Eu nunca jogo porque é inconsequente, no melhor dos casos. Elas fingem que não são inconsequentes (“jogar essa fase vai diminuir a quantidade de guardas nas próximas”, sendo que a progressão é linear de qualquer maneira, então a gente não muda nada quanto aos guardas) mas são, em relação ao próprio jogo. Como Thomas Was Alone, tem 100 fases, mas devido ao seu escopo essas 100 parecem muito mais trabalhosas do que são. Você se sente fazendo muito mais do que está fazendo na verdade justamente por ter mais coisas na tela, ainda que esteja só movendo um boneco e se ligando em padrões de inimigos. É bonito, porém. Tem uma fase que é linda, ela é completamente simétrica. Aí o jogo vai lá e comenta sobre essa simetria – dizendo que o modo de vencê-la é quebrá-la. Seria o nosso trabalho descobrir isso, mas aí vira trabalho do jogo. Nós somos apenas operários.

Talvez seja assim que se sentem os oprimidos do mundo do jogo, olhando vídeos de como roubar e apenas seguindo passos que alguém os disse pra seguir em vez de encontrar os próprios. Talvez seja um metacomentário pra quem vê soluções de jogos de quebra-cabeça no youtube! Talvez seja muita coisa.

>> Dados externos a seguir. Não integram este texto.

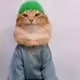 cat with hat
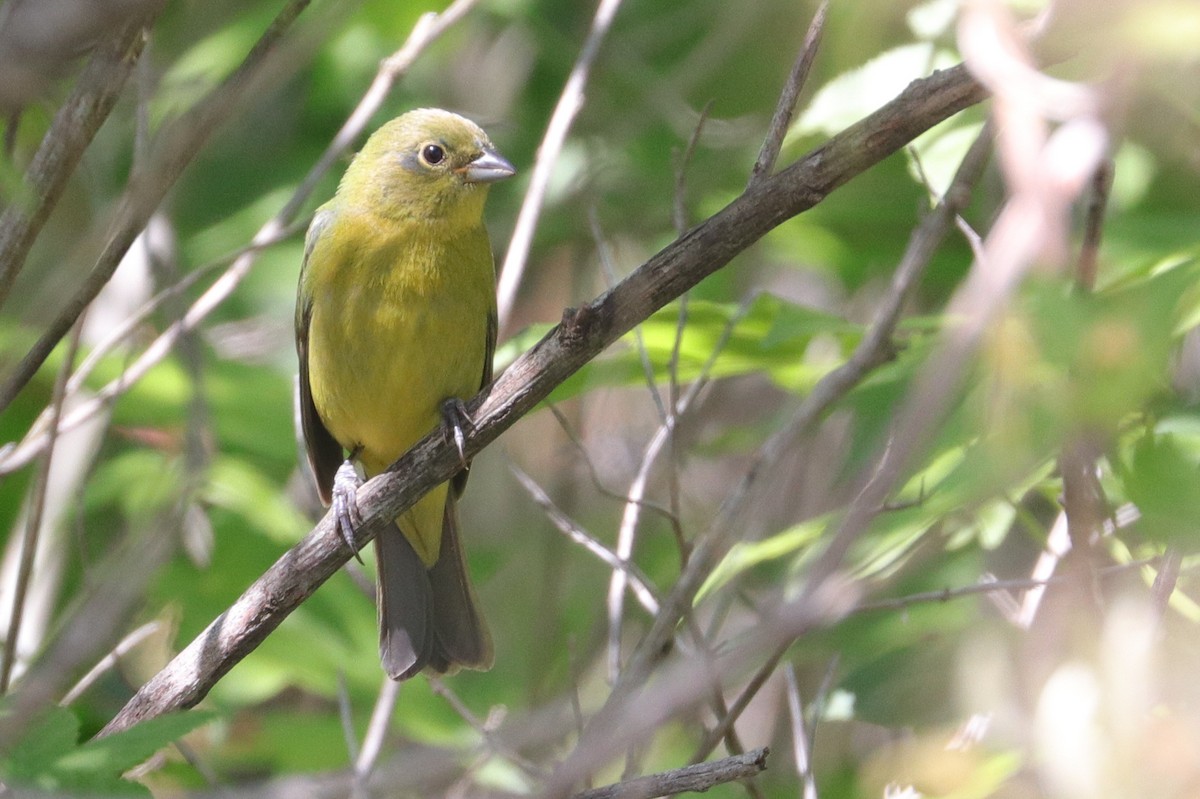 Painted Bunting - ML448069041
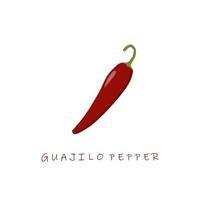 guajilo pepper flat design vector illustration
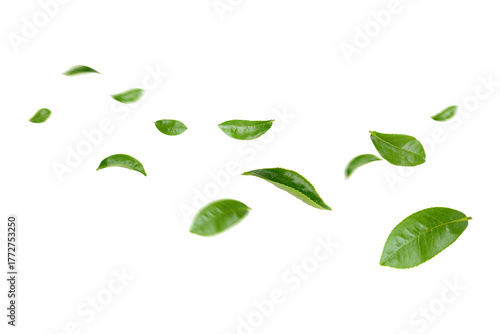 Green Leaves Floating Isolated on Transparent Background png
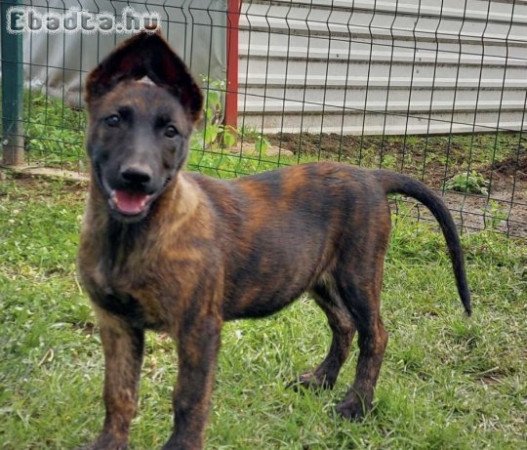 Gazdát kereső malinois kölykök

Talvez seja uma recontagem moderna de Robin Hood. É engraçado o trejeito de pompa que o jogo tem de mostrar que existe uma resistência às mãos monstruosas do capitalismo e do imperialismo e é recebido, talvez de modo até merecido, como contra-cultura (e avaliado com a mesma pompa no pior review  que eu li esse ano de um site que faz um bom trabalho em fingir que sabe escrever) enquanto essa é a mesma história de todos os RPGs japoneses que saíram desde 1997 (se lembrem, Cloud e companhia eram “terroristas”!) e tudo o que vemos sendo reportado sobre estes é que estão mortos e como são mais estilo que substância. Mas é legal ver esse tipo de influência, talvez escondida, e ver outros tipos de influência bastante óbvias (Hideo Kojima aparece nos agradecimentos especiais dos créditos, por exemplo) em um título ocidental que não é pequeno o bastante pra colocar que é baseado em todos os jogos bons dos anos 90 no Kickstarter e que não é grande o bastante pra levantar discussões acaloradas sobre o próprio significado – afinal, o criador está no twitter, dá pra perguntar qualquer coisa pra ele. O misticismo que o mistério geraria é bem menor daí.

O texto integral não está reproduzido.